Broeden op de toendra
In de broedtijd vertoeft de Amerikaanse goudplevier op de arctische toendra in Alaska en Noord-Canada. De broedbiotoop aldaar bestaat uit stenige hellingen met lage begroeiing. Tijdens de voor- en najaarstrek is de vogel te vinden op natuurlijke en kunstmatige graslanden, akkers, moddervlakten bij riviermonden en op stranden, slikken en schorren aan zee. De vogels kiezen soms ongewone plaatsen uit om te rusten of te foerageren, zoals luchthavens en golfterreinen. De Amerikaanse goudplevier komt op uiteenlopende vochtige plaatsen met lage begroeiing voor.

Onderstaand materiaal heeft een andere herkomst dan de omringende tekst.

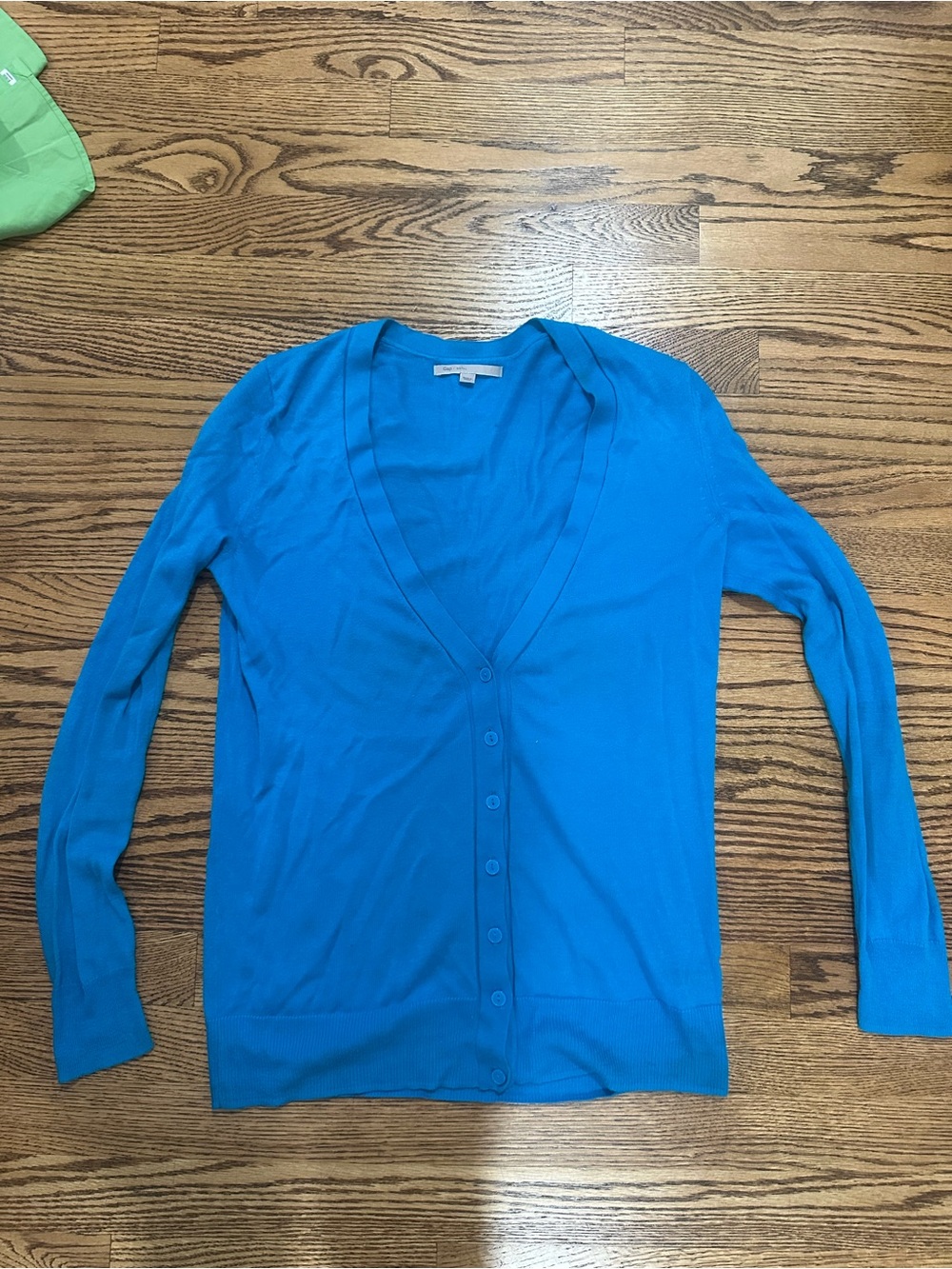 GAP Blue V-Neck Button Cardigan Sweater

Van Alaska naar Argentinië
De meeste Amerikaanse goudplevieren broeden in het noorden en midden van Alaska en in Canada, van het Yukon Territory en Brits Columbia via de Nodhwest Territories oostwaarts tot op Baffin Land, en langs de Hudsonbaai tot in Ontario. De vogels overwinteren op graslanden in Zuid-Amerika. De meeste exemplaren begeven zich vervolgens naar Argentinië, Uruguay en Zuid-Brazilië. Kleine aantallen blijven echter rondhangen in Florida, Midden-Amerika of het noorden van Zuid-Amerika.
Bedreigingen
Hoewel aan de jacht nu beperkingen zijn opgelegd, heeft de Amerikaanse goudplevier in zijn overwinteringsgebieden onverminderd te lijden van habitatvernietiging door verstedelijking en intensieve landbouw, en van milieuvervuiling.
Snel en volhardend
De trekroute van Amerikaanse plevieren heeft een lengte van ruim 7000 km. De vogels reizen overdag in grote groepen.De Amerikaanse goudplevier is, naar men zegt, de snelstvliegende steltloper van Noord-Amerika, en legt tijdens de trek bovendien de langste afstanden af. Verder is hij tijdens de trek bijzonder luidruchtig: de vogels strijken onderweg op vaste pleisterplaatsen onder luid gekrijs in grote zwermen neer. Tijdens de herfsttrek volgen de vogels de oostkust van Noord-Amerika, waarna ze in de lente dwars door de binnenlanden van dat werelddeel terugvliegen, bijvoorbeeld door de staat Illinois. De volwassen vogels verlaten hun broedplaatsen al vanaf de eerste week van juni, maar de jongen trekken pas in september en oktober naar het zuiden.
Aantallen
De wereldpopulatie van dé Amerikaanse goudplevier is stabiel en wordt op 200.000 individuen geschat(2009). Ooit was de soort veel talrijker, maar in de tweede helft van de 19de eeuw werd hij door jagers gedecimeerd. Zo werden in 1861 bij New Orleans. op één dag ongeveer 50.000 vogels afgeschoten.